The 2019 Séraphine, the recent addition to the Pomerol landscape courtesy of proprietor Martin Krajewski, was very impressive when I tasted the barrel sample. Now in bottle, it delivers on that promise. It has a gorgeous, pure, lilting bouquet of blackberry, raspberry and light black truffle scents that unfold in the glass. I appreciate the definition, detail, and prudent use of new oak (40%).
The palate is medium-bodied with fine-grained tannins, a keen thread of acidity, a touch more backbone than a few months ago, and an insistent grip on the finish. Traces of black pepper furnish the aftertaste. As I said before, one to watch. Just 2,800 bottles were produced.
Drink 2026 - 2048
Neal Martin, Vinous.com (February 2022)
This wine is made from 100% Merlot and is being aged in French oak barrels, 40% new, for 12-14 months. The alcohol came in at 14%. Deep garnet-purple in colour, the 2019 Séraphine opens with the most beautiful perfume of plum preserves, violets, clove oil and cinnamon stick over a core of blueberry compote, Morello cherries and crushed rocks.
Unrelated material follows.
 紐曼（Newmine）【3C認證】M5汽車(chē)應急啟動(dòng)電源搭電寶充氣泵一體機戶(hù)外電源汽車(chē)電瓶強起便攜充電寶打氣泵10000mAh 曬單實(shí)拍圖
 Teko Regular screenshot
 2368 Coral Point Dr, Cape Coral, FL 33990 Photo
Medium to full-bodied, the palate delivers mouth-coating black and blue fruit preserves with a fantastic line of freshness and beautifully ripe, plush tannins, finishing with loads of mineral and spicy sparks.
Lisa Perrotti-Brown, Wine Advocate (June 2020)
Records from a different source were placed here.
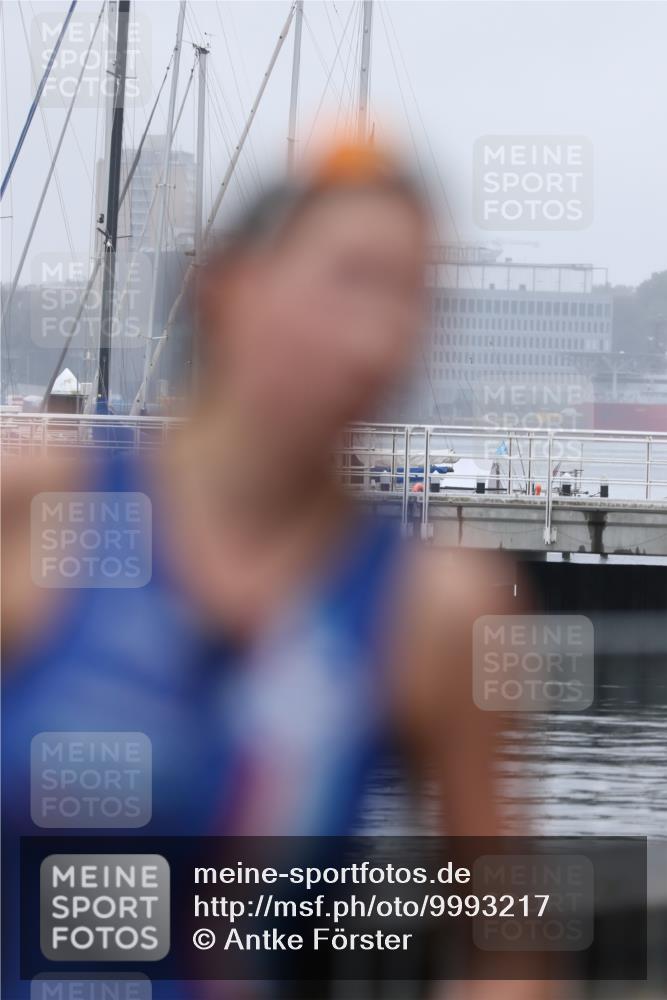 16.08.2026 - KN Förde Triathlon 2026 Antke Förster http://msf.ph/oto/9993217 16.08.2026 10:05:20 Laufen  meine-sportfotos.de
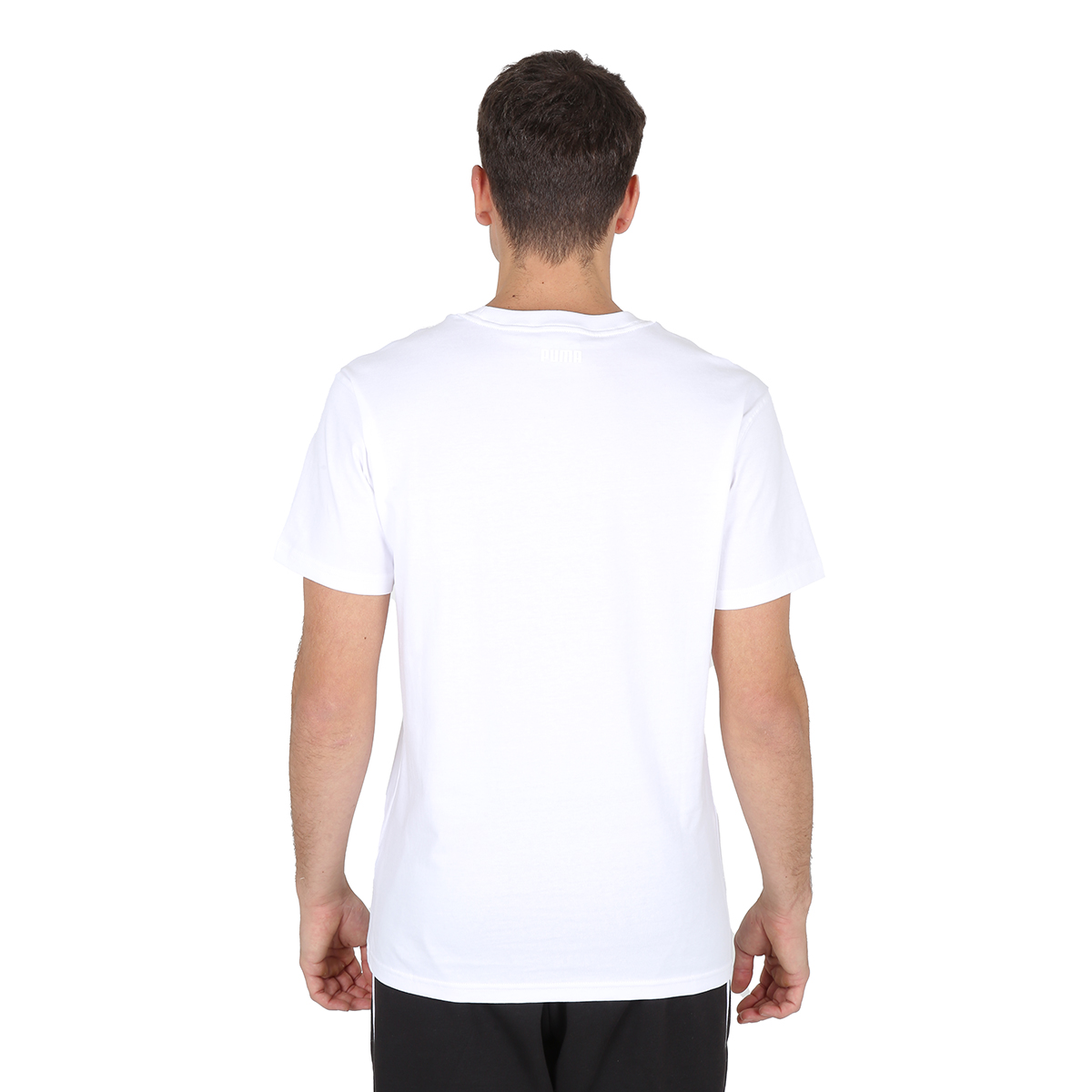 Remera Puma Showcase 2 Hombre,  image number null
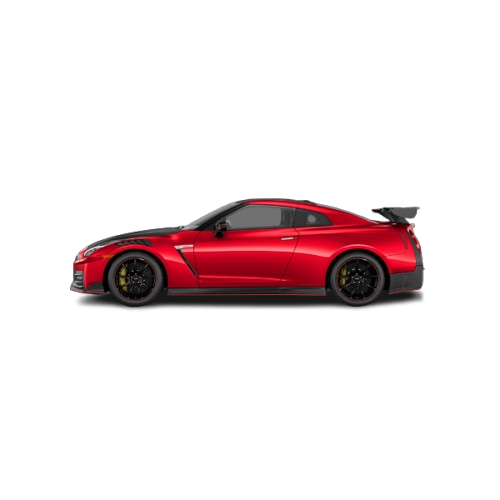 GTR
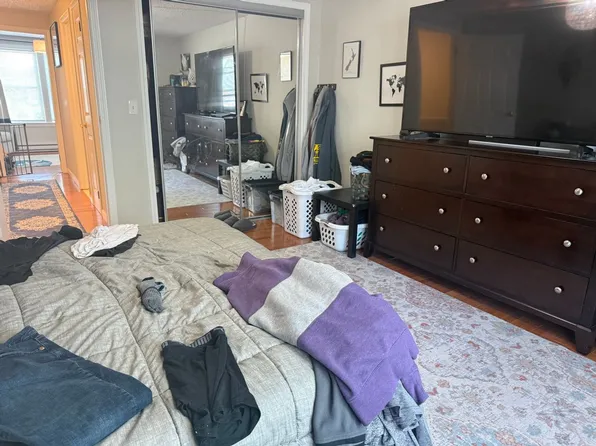 251 Maple St #251, Chelsea, MA 02150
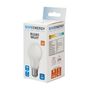 DE-FILAMENTO-MILKY-4W-A60-E27-127-220V-LUZ-AMARELA-SAVE-ENERGY-BRANCO-SAVE-ENERGY_ST1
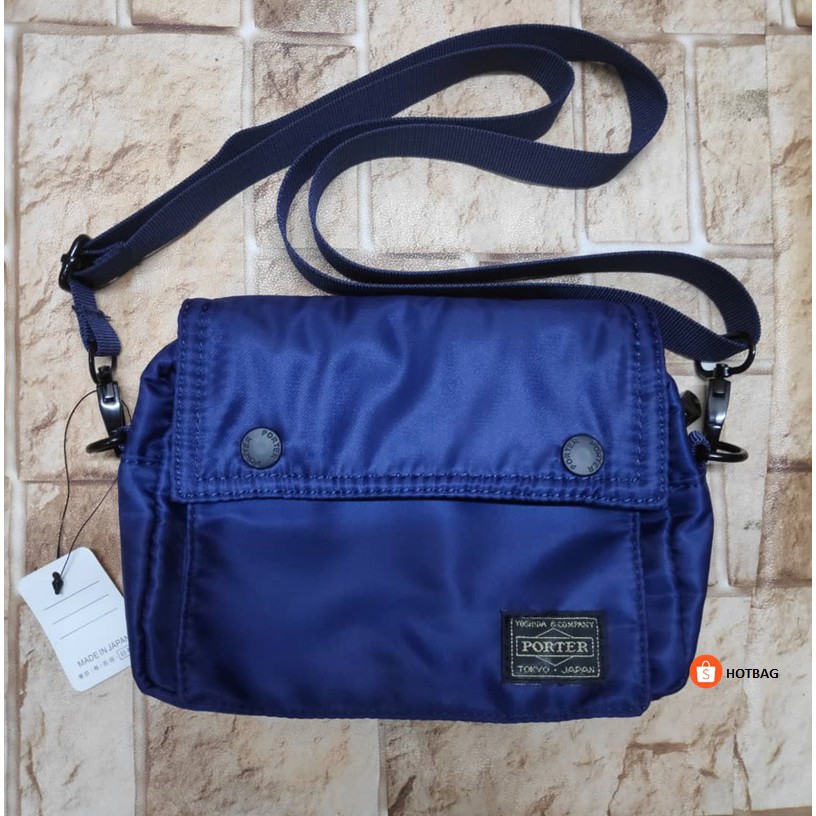 original porter sling bag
A dark, heady, brooding nose full of violets and blackcurrants. Liquorice, black truffle and scented black cherries are all noticeable straight away; this is quite a bold wine, with at first a chewy, mouth-filling texture, then settles to reveal layers of acidity, fruit and freshness as well as more detail to the tannins and overall structure.
Very seductive and charming. Still so much potential with all the elements at the fore right now, persistent and driving. It will be excellent to approach in a few years.
Drink 2026 - 2046
Georgina Hindle, Decanter.com (March 2022)
About this WINE
Pomerol is the smallest of Bordeaux's major appellations, with about 150 producers and approximately 740 hectares of vineyards. It is home to many bijou domaines, many of which produce little more than 1,000 cases per annum.
Both the topography and architecture of the region is unremarkable, but the style of the wines is most individual. The finest vineyards are planted on a seam of rich clay which extends across the gently-elevated plateau of Pomerol, which runs from the north-eastern boundary of St Emilion. On the sides of the plateau, the soil becomes sandier and the wines lighter.
There is one satellite region to the immediate north, Lalande-de-Pomerol whose wines are stylistically very similar, if sometimes lacking the finesse of its neighbour. There has never been a classification of Pomerol wines.
The most widely planted grape in Bordeaux and a grape that has been on a relentless expansion drive throughout the world in the last decade. Merlot is adaptable to most soils and is relatively simple to cultivate. It is a vigorous naturally high yielding grape that requires savage pruning - over-cropped Merlot-based wines are dilute and bland. It is also vital to pick at optimum ripeness as Merlot can quickly lose its varietal characteristics if harvested overripe.
In St.Emilion and Pomerol it withstands the moist clay rich soils far better than Cabernet grapes, and at it best produces opulently rich, plummy clarets with succulent fruitcake-like nuances. Le Pin, Pétrus and Clinet are examples of hedonistically rich Merlot wines at their very best. It also plays a key supporting role in filling out the middle palate of the Cabernet-dominated wines of the Médoc and Graves.